The NASA Innovative Advanced Concepts (NIAC) Program announced its 2014 awards. NIAC has selected twelve new NIAC Phase I awards. These proposals have been selected based on the potential of their concepts to transform future aerospace missions, enable new capabilities, or significantly alter and improve current approaches.

Each Phase I study will receive approximately $100,000 for 9 months to one year, and each Phase II study will receive approximately $500,000 for approximately two years. These studies will advance numerous innovative aerospace concepts, and help NASA achieve future goals

The Aragoscope: Ultra-High Resolution Optics at Low Cost by Webster Cash. Webster Cash has had previous NIAC awards and done interesting leading edge space telescope research.

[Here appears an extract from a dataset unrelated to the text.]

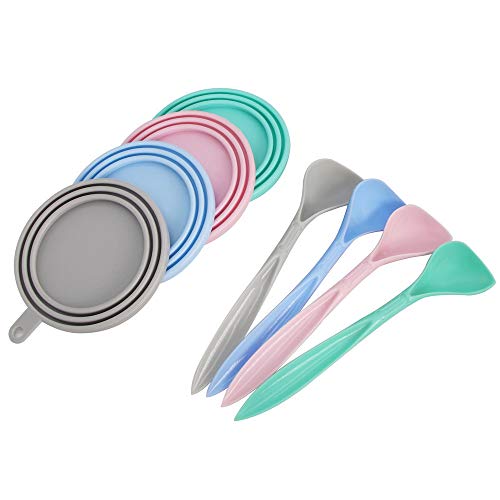 4-Pack-Can-Covers-and-4-Pack-Pet-Spoons-SetUniversal-Silicone-Can-Lids-for-Pet-Food-Cans-1-Fit-3-Standard-Size-Dog-and-Cat-Can-Tops-Cover-Round 4 Pack Can Covers and 4 Pack Pet Spoons SetUniversal Silicone Can Lids for Pet Food Cans 1 Fit 3 Standard Size Dog and Cat Can Tops Cover Round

A new mission architecture for telescopes in space will shatter the cost barrier for large, diffraction-limited optics. The diagram in the summary chart shows a conventional telescope pointed at an opaque disk along an axis to a distant target. Rather than block the view, the disk boosts the resolution of the system with no loss of collecting area. This architecture, dubbed the “Aragoscope” in honor of the scientist who first detected the diffracted waves, can be used to achieve the diffraction limit based on the size of the low cost disk, rather than the high cost telescope mirror. One can envision affordable telescopes that could provide 7cm resolution of the ground from geosynchronous orbit or images of the sky with one thousand times the resolution of the Hubble Space Telescope.

WRANGLER: Capture and De-Spin of Asteroids and Space Debris by Robert Hoyt of Tethers Unlimited

To enable capture and manipulation of asteroids and space debris while minimizing risk to the primary spacecraft, Tethers Unlimited, Inc (TUI) proposes the use of a nanosatellite-scale sub-satellite, called the Weightless Rendezvous And Net Grapple to Limit Excess Rotation (WRANGLER) System, which will capture and de-spin the space object. WRANGLER will accomplish these functions by combining two innovative technologies that have been developed by TUI: the GRASP deployable net capture device, and the SpinCASTER tether deployer/winch mechanism. Successful testing of both technologies in a microgravity environment has established these technology components at mid-TRL maturity. The leverage offered by using a tether to extract angular momentum from a rotating space object enables a very small nanosatellite system to de-spin a very massive asteroid or large spacecraft. The WRANGLER system is suitable for an incremental development program that will validate the technology through an affordable test flight in which a nanosatellite launched on a rideshare opportunity would capture and de-spin the upper state used to launch it.